If you are contemplating divorce or legal separation proceedings in Arizona, you may well have to agree on a court-established or amicable child custody arrangement with your ex-spouse. You may also request the court to alter a child custody decision made in an earlier divorce case. In this step-by-step guide, we will explain the Arizona child custody court process and how to file for child custody in Arizona.

Since 2013 Arizona Revised Statutes, Arizona laws refer to child custody and access as legal decision-making and parenting time.

There are 10 steps in the Arizona child custody court process.

  1. Completion and submission of child custody forms.

Every parent seeking child custody in Arizona should complete the following forms:

  • Sensitive Data Cover sheet with Children
  • Affidavit regarding minor children
  • Summons
  • Order and Notice to attend parent education
  • Parenting plan

The following additional forms must be completed by all divorcing parents:

  • Petition for dissolution of a non-covenant marriage (Divorce) with minor children or petition for legal separation with minor children
  • Preliminary injunction
  • Notice regarding creditors
  • Current employer information form
  • Notice of your rights regarding health insurance coverage

If you’re an unmarried parent requesting custody of your child, you should complete the additional forms below:

  • Petition for Court Order for Paternity and Legal Decision Making
  • Parent time
  • Child support
  • Vital Records

If parents cannot agree on how to co-parent while divorce or legal separation proceedings are pending, a parent can file a motion requesting a temporary custody order from the court.

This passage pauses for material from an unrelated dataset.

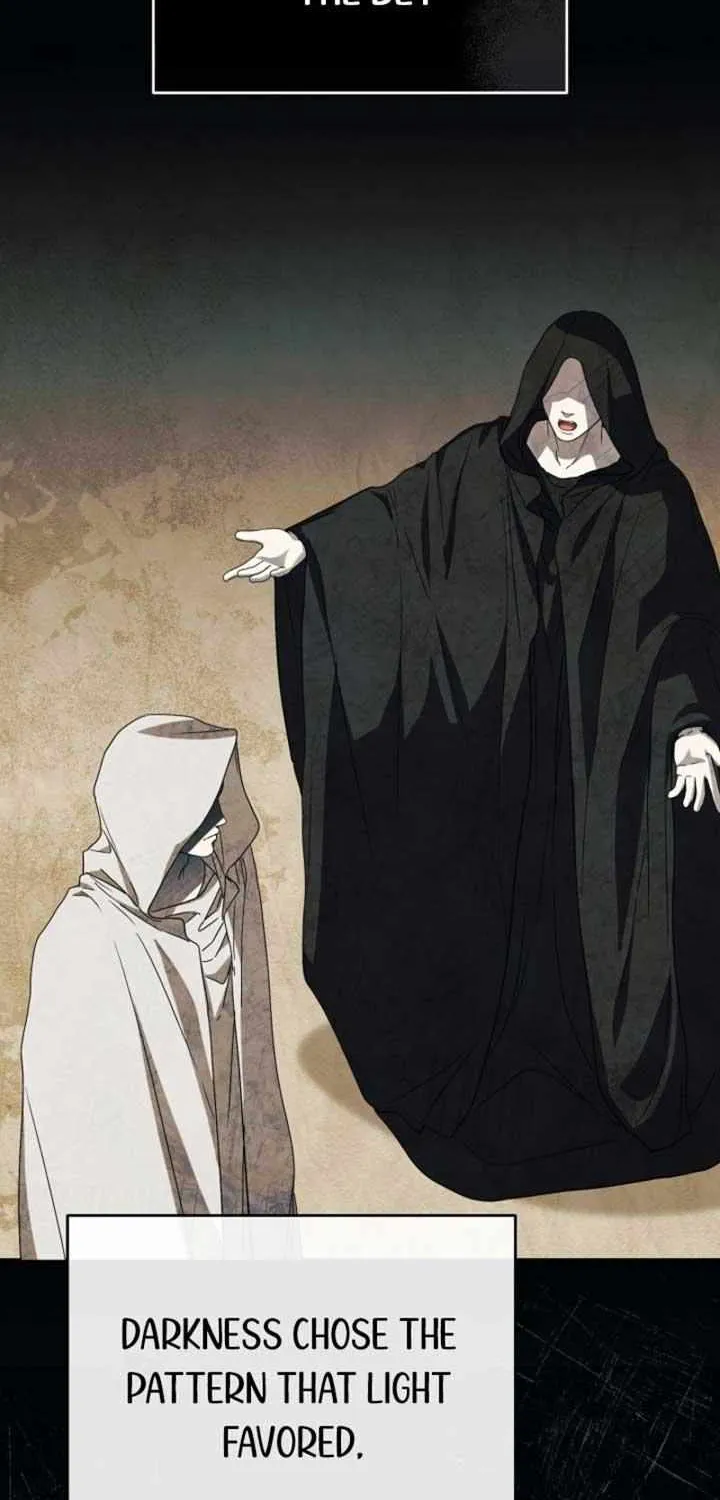 How To Survive As The Devil’s Child Chapter 92 page 43 -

All forms must be signed before a notary public or the court clerk. And completed forms must be submitted to the county’s Superior Court. They can be submitted physically or electronically through the Arizona-e-filing system. When you file custody papers you will be required to pay for state filing fees and costs which can vary between $100 and $200.  If you’re unable to pay filing fees, you have the option to apply for a fee waiver or deferral on the basis of your eligibility.


  1. Opening child custody case.

Child custody cases are opened at the family division of the county’s Superior Court. The parent opening the child custody case is referred to as the petitioner. The other parent is referred to as the respondent. If you’re a married parent and you or your spouse has lived in Arizona for 90 days, you can initiate divorce or legal separation proceedings requesting parenting time, child custody, and child support. For an unmarried parent, there is no residency requirement to be eligible for filing for child custody and parenting time. 

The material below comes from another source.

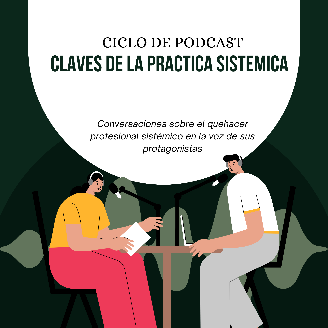 aperturas-sistemicas.png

  1. Serving papers to the other parent.

After child custody is opened, the next step is to serve the respondent with the papers within 120 days of the filing of the complaint. As the family court does not serve papers, it is the responsibility of the petitioner to ensure that the other parent gets served on the case. If the respondent is not served with the following papers, the case gets dismissed. However, the petitioner in a child custody case is not allowed to serve the papers on the respondent. Papers should be served by a disinterested person.

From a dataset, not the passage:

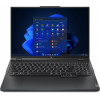 Ноутбук Lenovo Legion Pro 5 16IRX8 (82WK008HUS)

  • Copy of the complaint for custody
  • Copy of the summons with the court6 clerk’s signature
  • A copy of the joint preliminary injunction

The respondent must file an answer within 25 days of the service (if served by mail) and 20 days in the case of personal service, service by private process or by the county sheriff or by publication in a newspaper. If the answer agrees to requests made in the complaint, the case moves for settlement. If the answer contests your complaint, the case moves to litigation. If no answer is filed before the deadline, a default judgment will be entered in your favor.

  1. Parenting class at Conciliation Court.

Arizona child custody laws require all parents to follow a minimum two hours of physical or online parenting classes offered by the Conciliation Court and other certified private agencies. This is for the purpose of educating parents about the potential effects of divorce or separation on the child.


  1. Request Conciliation services.

Either parent can request Conciliation services before, or after 60 days from the time divorce or legal separation proceedings are opened.


  1. Request for temporary custody orders.

Where a parent seeks a temporary custody order, the court will hear evidence from both sides.  A temporary order has effect only until a final judgment on custody is given.

Temporary orders are different from emergency custody orders. Pursuant to Rule 48, an emergency custody order may be granted without notice to the other party if the requesting party or child will be harmed by serving notice or where notice has failed.


  1. Resolution management conferences.

Resolution management conferences are held to facilitate parties to resolve disputed issues and prepare them for the next steps in the litigation process.


During the discovery process parties formally exchange information through requests for mandatory disclosure of information. Both parents must disclose financial details and other information regarding the child’s care. In addition to the list of witnesses, parties are required to send and answer standard uniform family law interrogatories both in writing and under oath.  Arizona Rules of Family Law Procedure Rule 49 requires both parents to file a resolution statement. A resolution statement is a detailed document stating how a party proposes to resolve disputed issues.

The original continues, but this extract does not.